With the pictures left aside, write out exactly the lines of the listing below from the line with "Lehenga Patka - 4.5" to the line with "Close-up of a", both included, and only those.

[Records for the task — start]

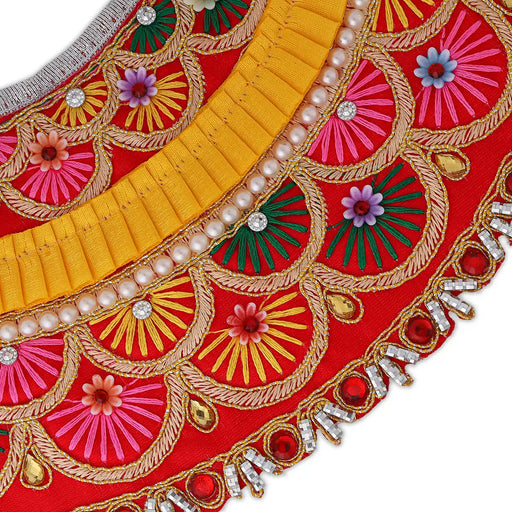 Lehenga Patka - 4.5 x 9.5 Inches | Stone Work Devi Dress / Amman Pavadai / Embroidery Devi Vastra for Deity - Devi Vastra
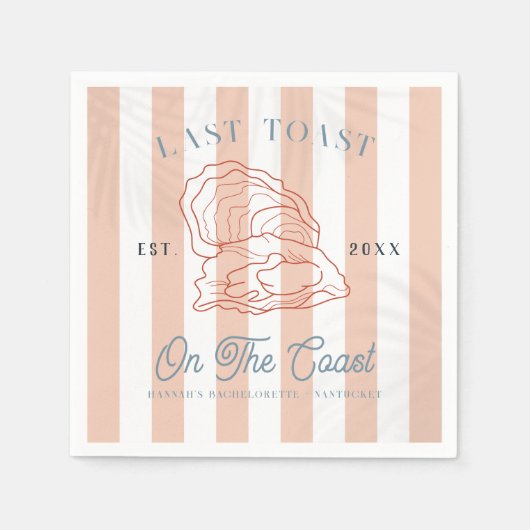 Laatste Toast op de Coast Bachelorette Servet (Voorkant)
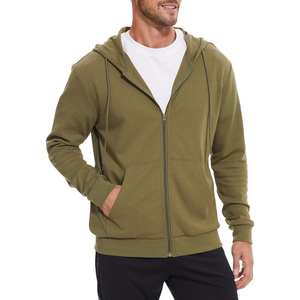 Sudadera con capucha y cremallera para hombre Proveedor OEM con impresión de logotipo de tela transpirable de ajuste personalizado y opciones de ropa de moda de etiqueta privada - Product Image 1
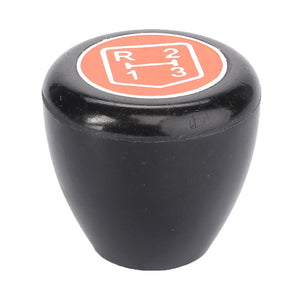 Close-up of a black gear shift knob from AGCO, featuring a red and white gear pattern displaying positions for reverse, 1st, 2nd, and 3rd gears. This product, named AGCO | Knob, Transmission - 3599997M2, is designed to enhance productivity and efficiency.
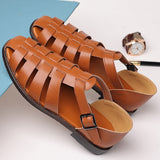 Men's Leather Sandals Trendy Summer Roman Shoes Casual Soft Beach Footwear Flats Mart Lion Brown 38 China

[Records for the task — finish]
[Records for the task — start]

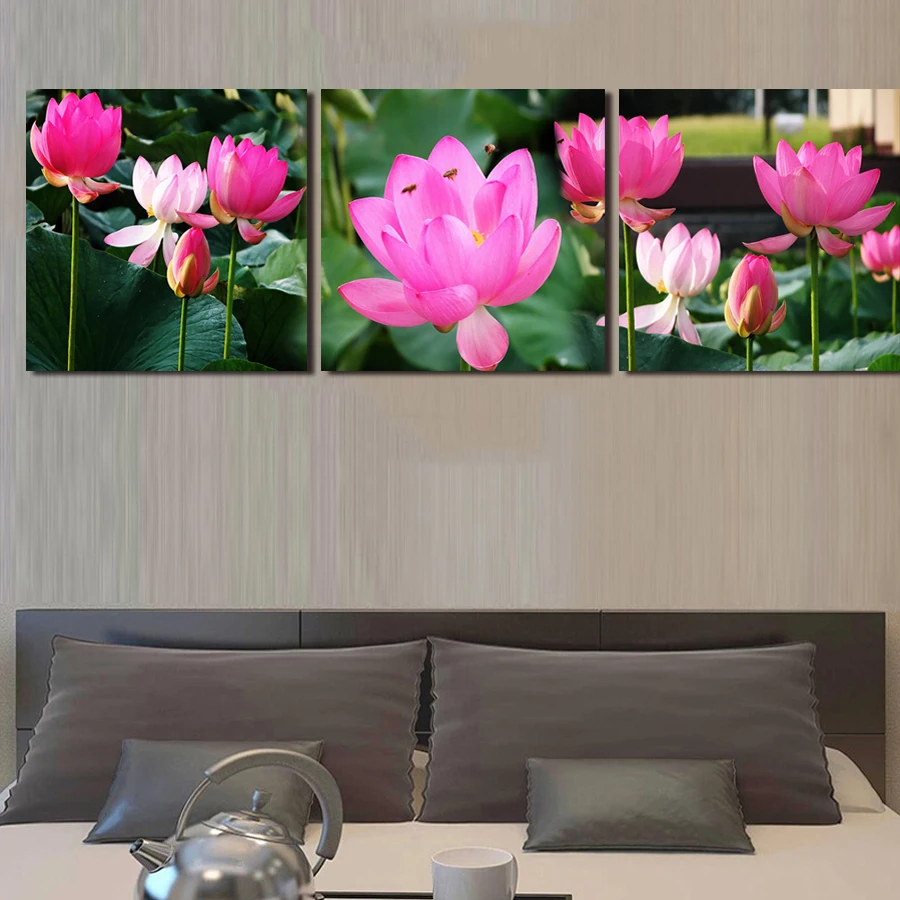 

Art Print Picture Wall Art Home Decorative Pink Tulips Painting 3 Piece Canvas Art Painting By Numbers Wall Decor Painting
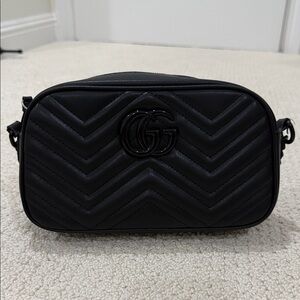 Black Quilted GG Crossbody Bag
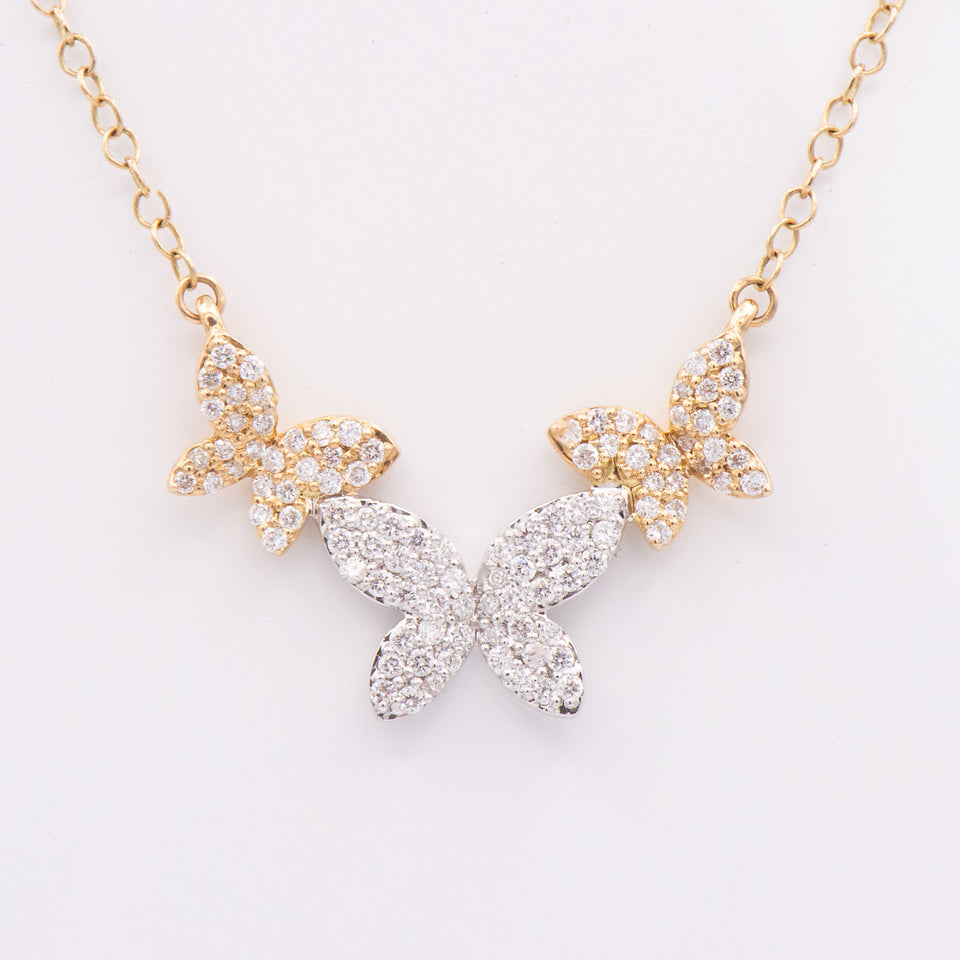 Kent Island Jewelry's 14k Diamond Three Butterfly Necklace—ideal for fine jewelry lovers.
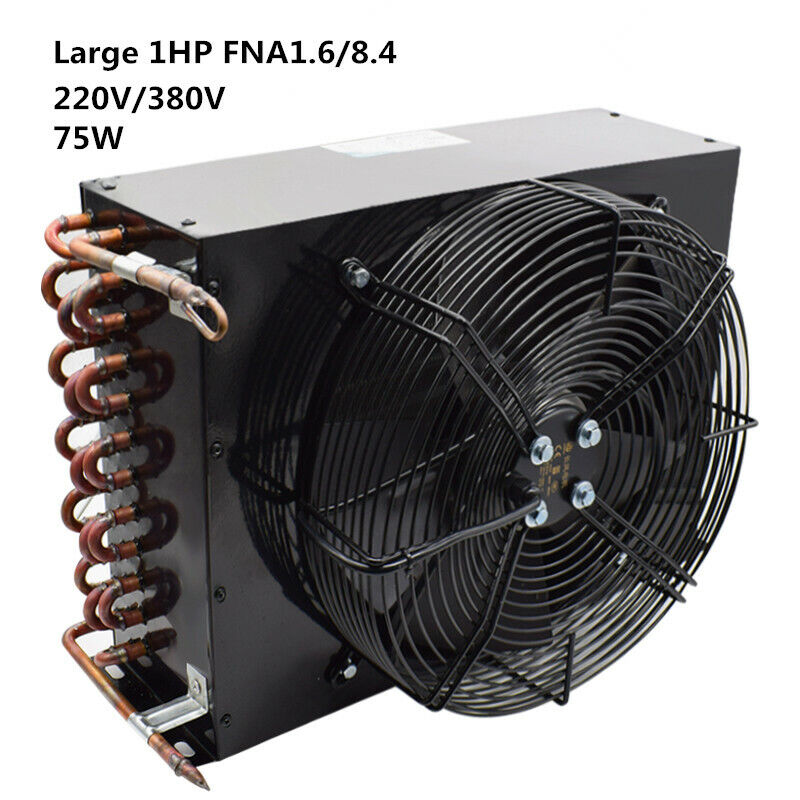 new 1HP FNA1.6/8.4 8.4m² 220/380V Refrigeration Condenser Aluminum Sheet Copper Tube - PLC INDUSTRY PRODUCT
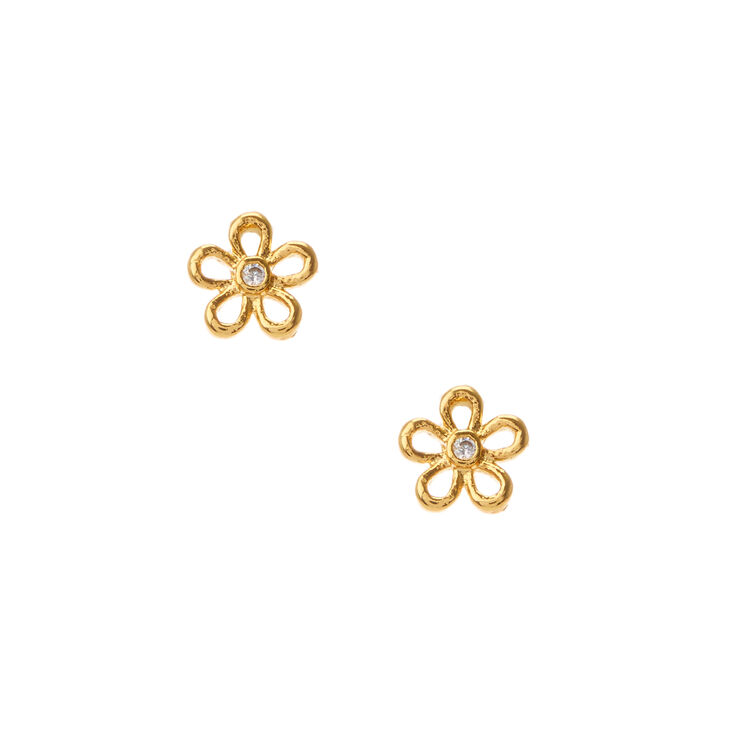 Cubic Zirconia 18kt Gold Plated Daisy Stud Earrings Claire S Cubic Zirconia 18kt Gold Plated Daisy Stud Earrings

[Records for the task — finish]

Solution for this problem:
 Lehenga Patka - 4.5 x 9.5 Inches | Stone Work Devi Dress / Amman Pavadai / Embroidery Devi Vastra for Deity - Devi Vastra
 Laatste Toast op de Coast Bachelorette Servet (Voorkant)
 Sudadera con capucha y cremallera para hombre Proveedor OEM con impresión de logotipo de tela transpirable de ajuste personalizado y opciones de ropa de moda de etiqueta privada - Product Image 1
 Close-up of a black gear shift knob from AGCO, featuring a red and white gear pattern displaying positions for reverse, 1st, 2nd, and 3rd gears. This product, named AGCO | Knob, Transmission - 3599997M2, is designed to enhance productivity and efficiency.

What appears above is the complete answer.